公開日 2022年06月03日
島根大学には、国の登録有形文化財に指定されている貴重な歴史遺産があります。それが、島根大学旧奥谷宿舎です。
旧奥谷宿舎は、現在の島根大学の前身である旧制松江高等学校の外国人教師向けに築造された建物です。大正時代に流行した急勾配の三角屋根をもつ木造2階建ての建物となっています。アールデコ調の彫刻が施された階段の手すりや漆喰で作られた天井飾りは、今も築造当時の様子をとどめています。
戦前は、「著作権の父」として有名なウィルヘルム?プラーゲ博士や、永井隆らに影響を与えたフリッツ?カルシュ博士などが暮らしていました。戦後は、島根県の英語教育に尽力したバーソルド?アロンスタイン博士などが暮らしました。
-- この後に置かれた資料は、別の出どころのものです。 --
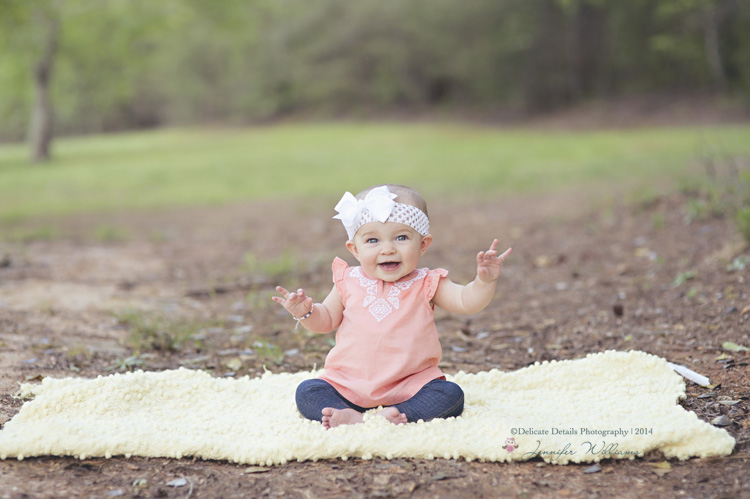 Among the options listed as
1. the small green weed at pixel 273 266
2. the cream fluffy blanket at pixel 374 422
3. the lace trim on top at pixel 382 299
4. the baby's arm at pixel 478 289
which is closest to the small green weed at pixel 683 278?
the cream fluffy blanket at pixel 374 422

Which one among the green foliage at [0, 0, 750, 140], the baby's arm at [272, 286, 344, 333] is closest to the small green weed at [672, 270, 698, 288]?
the baby's arm at [272, 286, 344, 333]

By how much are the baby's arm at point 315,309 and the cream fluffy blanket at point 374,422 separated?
0.38 metres

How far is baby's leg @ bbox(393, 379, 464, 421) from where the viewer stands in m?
2.88

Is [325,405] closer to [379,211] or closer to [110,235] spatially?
[379,211]

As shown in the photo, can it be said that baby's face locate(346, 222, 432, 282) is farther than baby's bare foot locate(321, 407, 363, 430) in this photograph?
Yes

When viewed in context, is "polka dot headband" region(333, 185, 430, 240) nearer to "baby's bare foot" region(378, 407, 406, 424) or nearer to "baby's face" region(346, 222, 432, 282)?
"baby's face" region(346, 222, 432, 282)

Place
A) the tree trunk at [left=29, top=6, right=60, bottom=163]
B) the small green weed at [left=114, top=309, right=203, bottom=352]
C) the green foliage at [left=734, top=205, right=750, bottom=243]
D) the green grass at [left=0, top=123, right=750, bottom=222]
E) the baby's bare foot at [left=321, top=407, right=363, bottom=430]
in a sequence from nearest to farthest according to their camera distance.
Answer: the baby's bare foot at [left=321, top=407, right=363, bottom=430]
the small green weed at [left=114, top=309, right=203, bottom=352]
the green foliage at [left=734, top=205, right=750, bottom=243]
the green grass at [left=0, top=123, right=750, bottom=222]
the tree trunk at [left=29, top=6, right=60, bottom=163]

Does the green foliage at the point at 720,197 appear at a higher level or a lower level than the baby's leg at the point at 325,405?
higher

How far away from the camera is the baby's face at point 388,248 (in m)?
2.95

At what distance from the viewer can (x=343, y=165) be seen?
57.3ft

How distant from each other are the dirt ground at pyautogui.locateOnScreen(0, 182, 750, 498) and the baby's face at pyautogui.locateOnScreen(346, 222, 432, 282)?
2.55 feet

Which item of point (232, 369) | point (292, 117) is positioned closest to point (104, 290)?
point (232, 369)

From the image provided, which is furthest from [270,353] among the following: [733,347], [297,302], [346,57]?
[346,57]

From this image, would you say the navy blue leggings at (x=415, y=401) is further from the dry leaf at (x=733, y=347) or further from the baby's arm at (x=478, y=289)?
the dry leaf at (x=733, y=347) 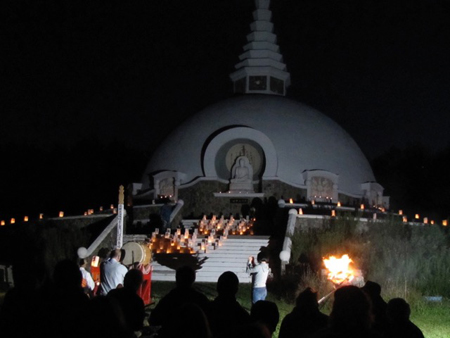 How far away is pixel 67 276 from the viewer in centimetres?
510

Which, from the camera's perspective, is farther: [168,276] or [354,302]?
[168,276]

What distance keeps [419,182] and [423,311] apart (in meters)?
29.2

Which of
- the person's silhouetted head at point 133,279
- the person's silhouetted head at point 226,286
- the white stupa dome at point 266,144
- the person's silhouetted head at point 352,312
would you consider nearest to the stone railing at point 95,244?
the white stupa dome at point 266,144

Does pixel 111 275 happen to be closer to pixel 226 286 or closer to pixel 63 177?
pixel 226 286

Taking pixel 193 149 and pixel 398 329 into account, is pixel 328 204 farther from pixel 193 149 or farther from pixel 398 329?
pixel 398 329

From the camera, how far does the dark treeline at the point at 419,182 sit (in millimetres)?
37656

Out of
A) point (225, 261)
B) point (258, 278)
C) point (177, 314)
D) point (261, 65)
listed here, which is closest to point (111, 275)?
point (258, 278)

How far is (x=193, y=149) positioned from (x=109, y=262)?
71.1 feet

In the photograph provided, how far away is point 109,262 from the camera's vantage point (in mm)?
8984

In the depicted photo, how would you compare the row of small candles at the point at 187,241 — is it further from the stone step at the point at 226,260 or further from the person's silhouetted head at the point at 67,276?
the person's silhouetted head at the point at 67,276

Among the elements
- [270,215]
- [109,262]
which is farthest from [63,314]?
[270,215]

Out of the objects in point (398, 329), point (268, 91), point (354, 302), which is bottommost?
point (398, 329)

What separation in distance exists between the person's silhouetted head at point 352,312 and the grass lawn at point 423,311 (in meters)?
6.08

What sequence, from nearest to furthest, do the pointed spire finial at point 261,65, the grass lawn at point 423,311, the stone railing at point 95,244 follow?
the grass lawn at point 423,311 → the stone railing at point 95,244 → the pointed spire finial at point 261,65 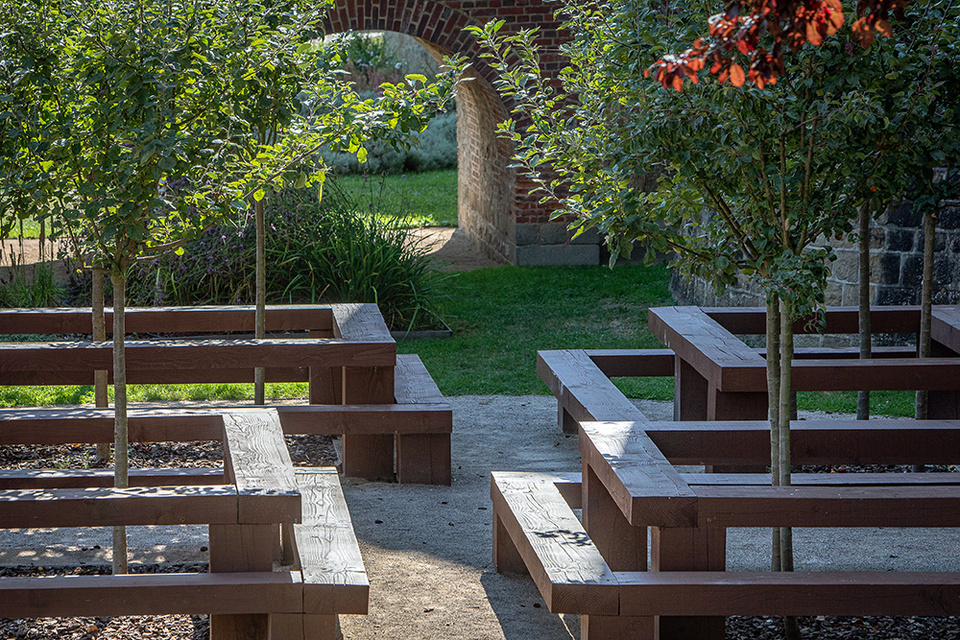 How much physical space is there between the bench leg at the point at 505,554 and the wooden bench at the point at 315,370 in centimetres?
124

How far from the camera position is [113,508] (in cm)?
294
その後、宿泊施設や大学教職員宿舎として利用されていましたが、2009年10月に建造当初の状況に修復され、現在は島根大学総合博物館分館としての役割を担っています。常設展示には、島根大学や旧制松江高等学校の歴史に関する展示や、宿舎に暮らした外国人教師を顕彰する展示、島根大学の著名人を顕彰する展示などがあります。地域市民?学生?留学生?観光客が集う交流の場となっています。
旧奥谷宿舎では現在、期間限定で写真展「ハンス?シュワルベ博士がいた頃」が開かれています。シュワルベ博士は、1939年から1945年まで、旧制松江高等学校でドイツ語の教鞭をとりました。この写真展では、シュワルベ博士とご家族の当時の暮らしや、地域の方との交流の様子、現在まで続く繋がりについて、多くの写真や資料と共に学ぶことができます。また、展示されている写真と同じ場所で写真を撮り、過去の記憶に思いを馳せることも、楽しみ方の一つとなるでしょう。
この写真展の開催期間は、6月26日(日)までとなっています。旧奥谷宿舎は、土日祝日のみ開館しています。皆さんも、この機会に是非、旧奥谷宿舎に足を運んでみてはいかがでしょうか。